Dr. Chad Snyder, associate professor of chemistry and director of chemical research at Grace College, and Dr. Joe Smith, director of animal programs at the Fort Wayne Children’s Zoo, recently began a research partnership to help ensure the long-term health of the zoo’s pond system. Dr. Snyder and research students will conduct routine water chemistry analyses including pH, dissolved oxygen, chloride, calcium, nitrate, nitrite and phosphate concentrations as well as algae counts and algae species distributions. Their third visit to the African Journey biome took place Wednesday.
“It’s very exciting to begin a research partnership with the zoo,” said Dr. Chad Snyder. “Our goal at Grace College is to help the zoo understand its pond system’s water quality and develop strategies to keep it healthy for all of its aquatic inhabitants. After three monthly visits, we are encouraged by the collaboration and potential long-term benefit we can create for the zoo.”Will Lorenz, a chemistry research student at Grace College, wades through Small Pasture Pond to take a sample of the water.
With the permission of Dr. Smith and the zoo’s Animal Research and Conservation Committee, Grace College faculty
and students enter several of the zoo’s enclosures to obtain pond samples. “This proactive approach helps us gather necessary data from a variety of ponds and assess variations in the water samples to appropriately respond to any potentially unhealthy conditions,” added Snyder.
The African Journey’s pond system is home to 11 species of birds and mammals that inhabit the ponds.

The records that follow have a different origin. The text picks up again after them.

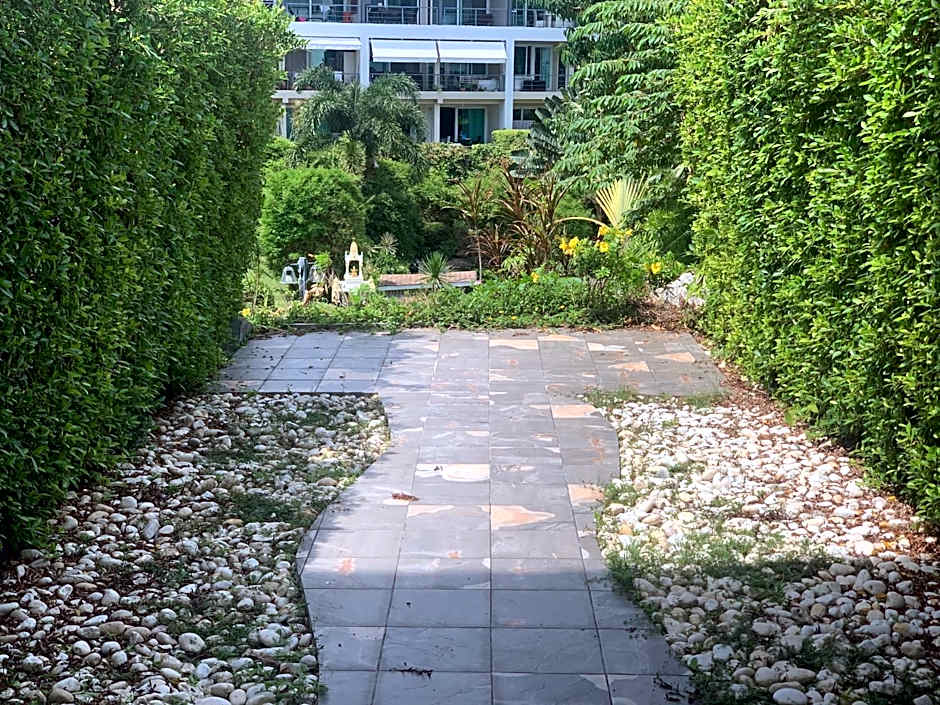 Hill Side Karon Kata Beach Condo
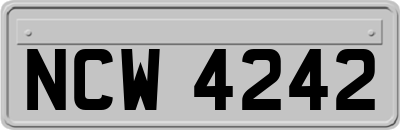 NCW4242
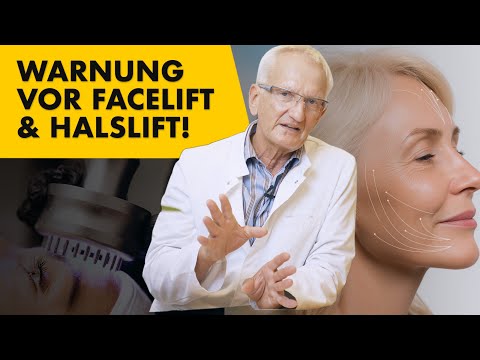Warum ich von diesen 3 Facelift & Halslift Techniken abrate! | Trends 2025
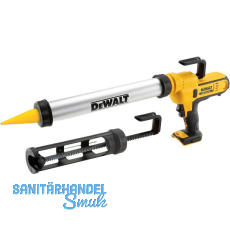 DEWALT Akku-Kartuschenpistole DCE581NK 18 Volt DEWALT Akku-Kartuschenpistole DCE581NK 18 Volt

“Dr. Snyder and his research assistant are helping to systematically document our water quality and algae content over time to help determine what factors might lead to unsightly algae blooms and unstable water conditions,” said Dr. Joe Smith. “We are committed to ensuring the long-term health of all animal species at the zoo, and our pond system health is essential in this endeavor. We are pleased to partner with Grace College to this end,” he said.